Robert the Bruce came from a family of rich landowners. Through the peaceful years 1240s - 1280s, the Bruce's from Annan/Southern Scotland, acquired lands and Castles in Northern England at Guisborough and Hartlepool.

Robert the Bruce image

Robert the Bruce

In 1271, Robert Bruce married the widow Marjorie (Countess of Carrick), this seeing him become the Earl of Carrick (Southwest Ayrshire/Scotland). With that title, he acquired the castles and lands of Turnberry and Loch Doon. On July 11th 1274, the first of their many children 'Robert the Bruce' was born at Turnberry Castle.

King Alexander III of Scotland died in 1286, and his eight-year-old heir, Margaret, died four years later. As Scotland was then left without a monarch, the Scottish nobles began fighting over who was next in line to the throne. At that time, Edward I (Longshanks) of England, sent his troops into Scotland with a view of taking control for himself.

That was the start of turbulent times for the Scots, as the nobles then had to decide whether to give their support to the mighty English and be rewarded with land and money, or, risk everything by supporting a noble claiming to be next in line to the Scottish throne.

In 1292, John de Balliol beat of a challenge from Robert the Bruce's grandfather to become king of Scotland. Balliol seamed to have been chosen as he had sworn loyalty to the English king. Robert the Bruce's grandfather and father, then passed on their titles to him, so he would have a strong claim to the throne in years to come.

After England declared war on France in 1294, Longshanks requested Balliol to support him. Balliol declined that request as he intended to give his support to France. At that time, Longshanks requested Bruce's father help to defend Carlisle Castle until he returned from the war in France. In 1296, Bruce's father and his garrison were forced to fight their own countrymen when the Scots attacked Carlisle Castle. Longshanks returned from France a few weeks later to lead an army into Scotland. After a series of Battles, Balliol surrendered in July of 1296. Longshanks was once again set to govern Scotland.

After William Wallace's defeat at Falkirk in July 1298, Robert the Bruce and John Comyn were pronounced the new Guardians of Scotland. They set about trying to gain control of Scotland by using guerrilla tactics against the occupying English forces. In 1302, Bruce gave up that role after making an unknown agreement with Longshanks. John Comyn carried on as leader of the Scots until Longshanks defeated him in 1303. Longshanks then rewarded Bruce by proclaiming him sheriff of Ayr and Lanark.

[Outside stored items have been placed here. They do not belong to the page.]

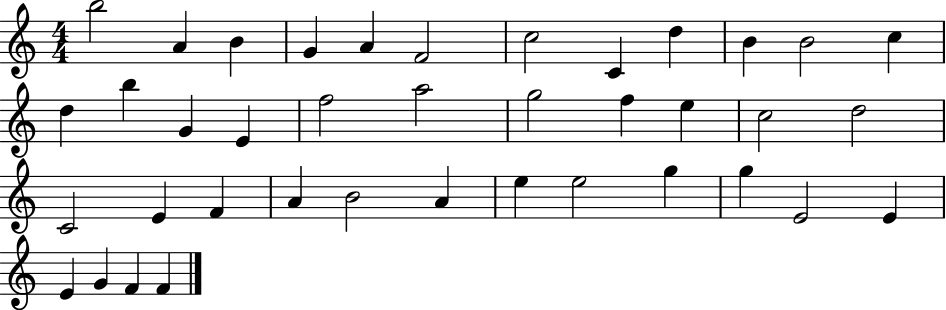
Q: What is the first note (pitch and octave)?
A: B5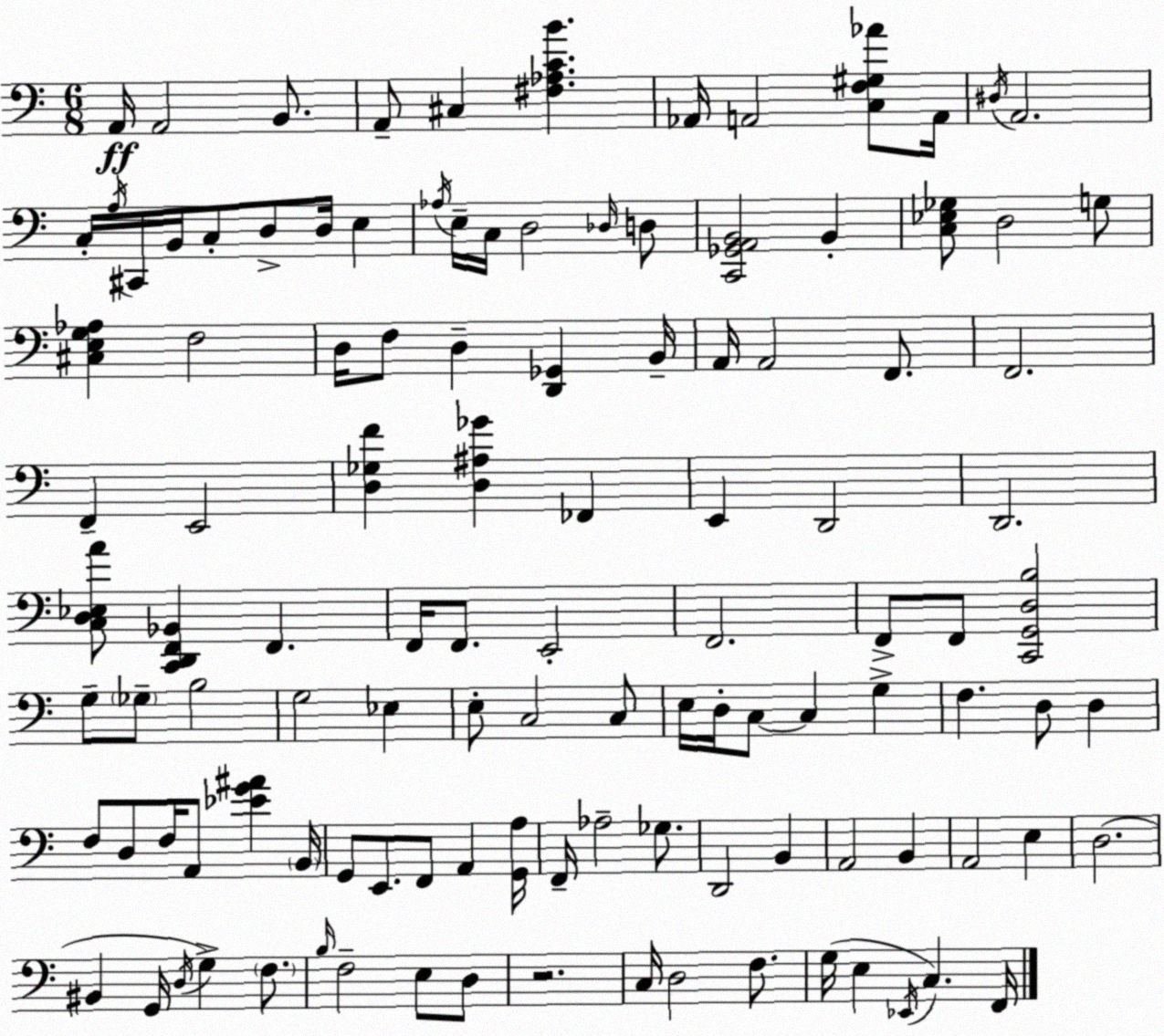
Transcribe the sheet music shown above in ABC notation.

X:1
T:Untitled
M:6/8
L:1/4
K:Am
A,,/4 A,,2 B,,/2 A,,/2 ^C, [^F,_A,CB] _A,,/4 A,,2 [C,F,^G,_A]/2 A,,/4 ^D,/4 A,,2 C,/4 A,/4 ^C,,/4 B,,/4 C,/2 D,/2 D,/4 E, _A,/4 E,/4 C,/4 D,2 _D,/4 D,/2 [C,,_G,,A,,B,,]2 B,, [C,_E,_G,]/2 D,2 G,/2 [^C,E,G,_A,] F,2 D,/4 F,/2 D, [D,,_G,,] B,,/4 A,,/4 A,,2 F,,/2 F,,2 F,, E,,2 [D,_G,F] [D,^A,_G] _F,, E,, D,,2 D,,2 [C,D,_E,A]/2 [C,,D,,F,,_B,,] F,, F,,/4 F,,/2 E,,2 F,,2 F,,/2 F,,/2 [C,,G,,D,B,]2 G,/2 _G,/2 B,2 G,2 _E, E,/2 C,2 C,/2 E,/4 D,/4 C,/2 C, G, F, D,/2 D, F,/2 D,/2 F,/4 A,,/2 [_EG^A] B,,/4 G,,/2 E,,/2 F,,/2 A,, [G,,A,]/4 F,,/4 _A,2 _G,/2 D,,2 B,, A,,2 B,, A,,2 E, D,2 ^B,, G,,/4 D,/4 G, F,/2 B,/4 F,2 E,/2 D,/2 z2 C,/4 D,2 F,/2 G,/4 E, _E,,/4 C, F,,/4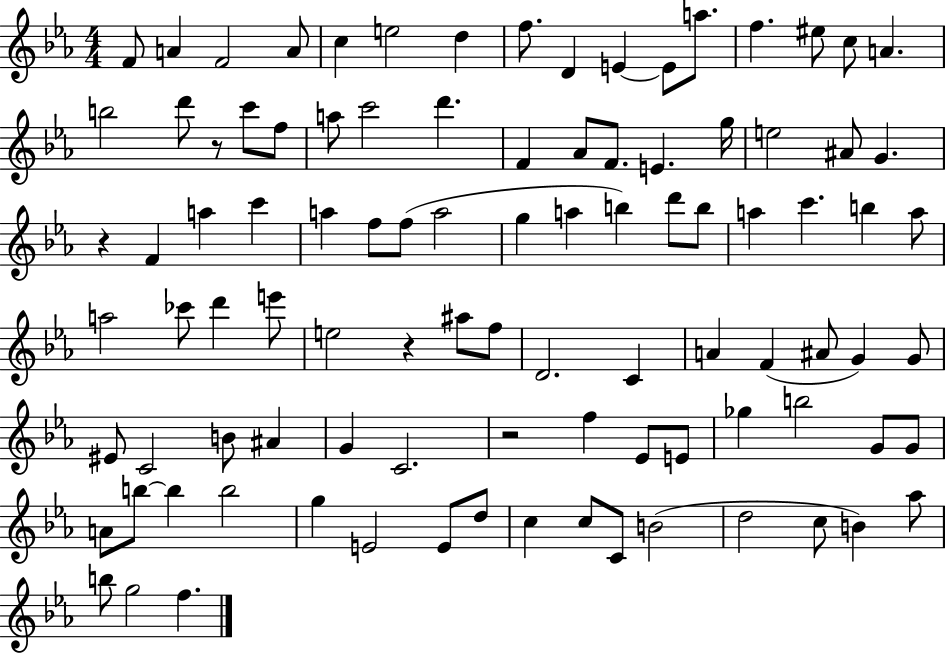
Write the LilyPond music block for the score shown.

{
  \clef treble
  \numericTimeSignature
  \time 4/4
  \key ees \major
  \repeat volta 2 { f'8 a'4 f'2 a'8 | c''4 e''2 d''4 | f''8. d'4 e'4~~ e'8 a''8. | f''4. eis''8 c''8 a'4. | \break b''2 d'''8 r8 c'''8 f''8 | a''8 c'''2 d'''4. | f'4 aes'8 f'8. e'4. g''16 | e''2 ais'8 g'4. | \break r4 f'4 a''4 c'''4 | a''4 f''8 f''8( a''2 | g''4 a''4 b''4) d'''8 b''8 | a''4 c'''4. b''4 a''8 | \break a''2 ces'''8 d'''4 e'''8 | e''2 r4 ais''8 f''8 | d'2. c'4 | a'4 f'4( ais'8 g'4) g'8 | \break eis'8 c'2 b'8 ais'4 | g'4 c'2. | r2 f''4 ees'8 e'8 | ges''4 b''2 g'8 g'8 | \break a'8 b''8~~ b''4 b''2 | g''4 e'2 e'8 d''8 | c''4 c''8 c'8 b'2( | d''2 c''8 b'4) aes''8 | \break b''8 g''2 f''4. | } \bar "|."
}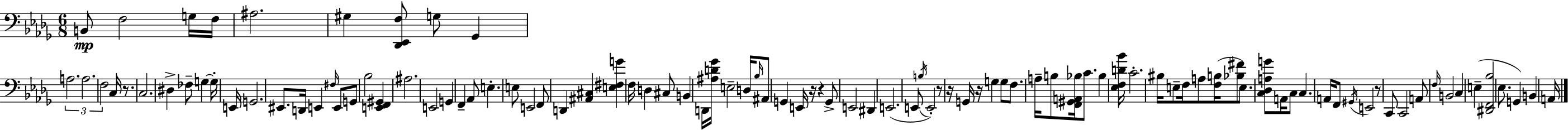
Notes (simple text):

B2/e F3/h G3/s F3/s A#3/h. G#3/q [Db2,Eb2,F3]/e G3/e Gb2/q A3/h. A3/h. F3/h C3/s R/e. C3/h. D#3/q FES3/e G3/q G3/s E2/s G2/h. EIS2/e. D2/s E2/q F#3/s E2/e G2/e Bb3/h [E2,F2,G#2]/q A#3/h. E2/h G2/q F2/q Ab2/e E3/q. E3/e E2/h F2/e D2/q [A#2,C#3]/q [E3,F#3,G4]/q F3/s D3/q C#3/e B2/q D2/s [A#3,D4,Gb4]/s E3/h D3/s Bb3/s A#2/e G2/q E2/s R/s R/q G2/e E2/h D#2/q E2/h. E2/e B3/s E2/h R/e R/s G2/s R/s G3/q G3/e F3/e. A3/s B3/e [F2,G#2,A2,Bb3]/s C4/e. Bb3/q [Eb3,F3,D4,Bb4]/s C4/h. BIS3/s E3/e F3/s A3/e [F3,B3]/s [Bb3,F#4]/e E3/e. [C3,Db3,A3,G4]/e A2/s C3/e C3/q. A2/s F2/e G#2/s E2/h R/e C2/e C2/h A2/e F3/s B2/h C3/q E3/q [D#2,F2,Bb3]/h Eb3/e. G2/q B2/q A2/s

In 1306, Bruce had John Comyn murdered to clear the way for him to become king of Scotland. After Longshanks was informed of Bruce's intentions, he appointed Comyn's brother in law as Special Lieutenant of Scotland to defeat Bruce. After only three months as king, Bruce was forced into hiding after loosing a series of battles. By that time, one of his brothers had been captured and executed, his sister Mary was imprisoned in Roxburgh Castle, his wife was being kept captive at Holderness and his daughter had been sent to a Yorkshire Nunnery.

Bruce returned to continue his campaign in 1307. Although two of his brothers were soon captured and executed, Bruce fought on winning battles at Glentrool in April and Loudoun Hill in June. Longshanks died in July of that year leaving his son Edward II to succeed him to the throne. Edward made a major blunder at that time as he postponed the planned English attacks on Bruce, this giving Bruce time to defeat the Scots allied to England.

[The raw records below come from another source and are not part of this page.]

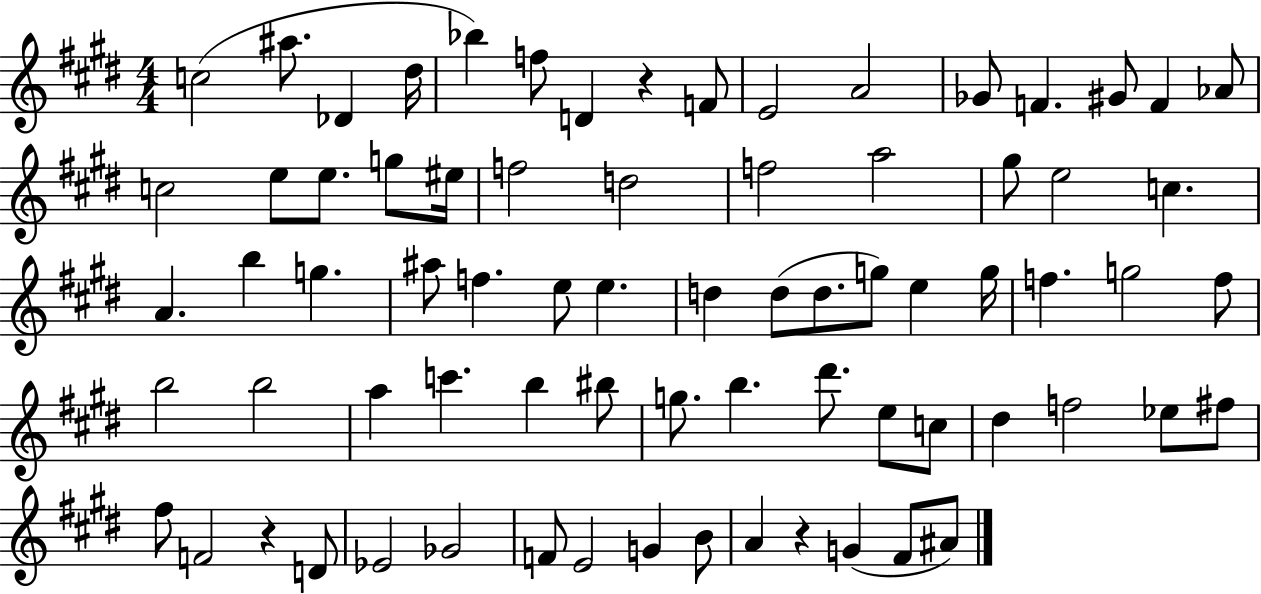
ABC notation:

X:1
T:Untitled
M:4/4
L:1/4
K:E
c2 ^a/2 _D ^d/4 _b f/2 D z F/2 E2 A2 _G/2 F ^G/2 F _A/2 c2 e/2 e/2 g/2 ^e/4 f2 d2 f2 a2 ^g/2 e2 c A b g ^a/2 f e/2 e d d/2 d/2 g/2 e g/4 f g2 f/2 b2 b2 a c' b ^b/2 g/2 b ^d'/2 e/2 c/2 ^d f2 _e/2 ^f/2 ^f/2 F2 z D/2 _E2 _G2 F/2 E2 G B/2 A z G ^F/2 ^A/2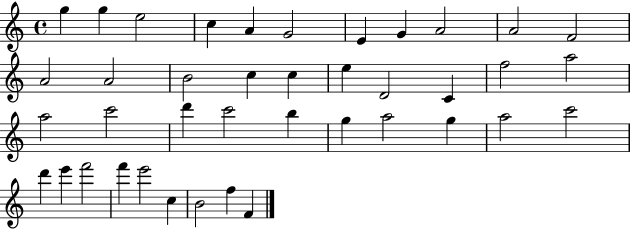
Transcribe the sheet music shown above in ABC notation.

X:1
T:Untitled
M:4/4
L:1/4
K:C
g g e2 c A G2 E G A2 A2 F2 A2 A2 B2 c c e D2 C f2 a2 a2 c'2 d' c'2 b g a2 g a2 c'2 d' e' f'2 f' e'2 c B2 f F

In 1310, Bruce held off the first attacks by Edward's armies, and by 1314, had captured the English strongholds of Edinburgh and Roxburgh castles, with Stirling Castle under siege.

On June 23rd 1314, Edward's army met the Scots led by Bruce at Bannockburn.

This confined area of marshlands and woods, forced the English heavy cavalry to charge straight at the Scots, only to run into a wall of pikes.

The English army's defeated in that battle saw Edward, along with his surviving troops, flee to Stirling.


Statue of Robert the Bruce on the site of the Battle of Bannockburn image

Statue of Robert the Bruce on the site of the Battle of Bannockburn

After a further 14 years of war, the treaty of Edinburgh was signed March 17th 1328, this allowing Bruce to become king of an independent Scotland.

Bruce died at Cardross, probably from leprosy June 7th 1329.

Battles between Scotland and England continued on and off for another 400 years until the signing of the Union in 1707. After that time, Scotland joined England, Wales and Ireland as Great Britain.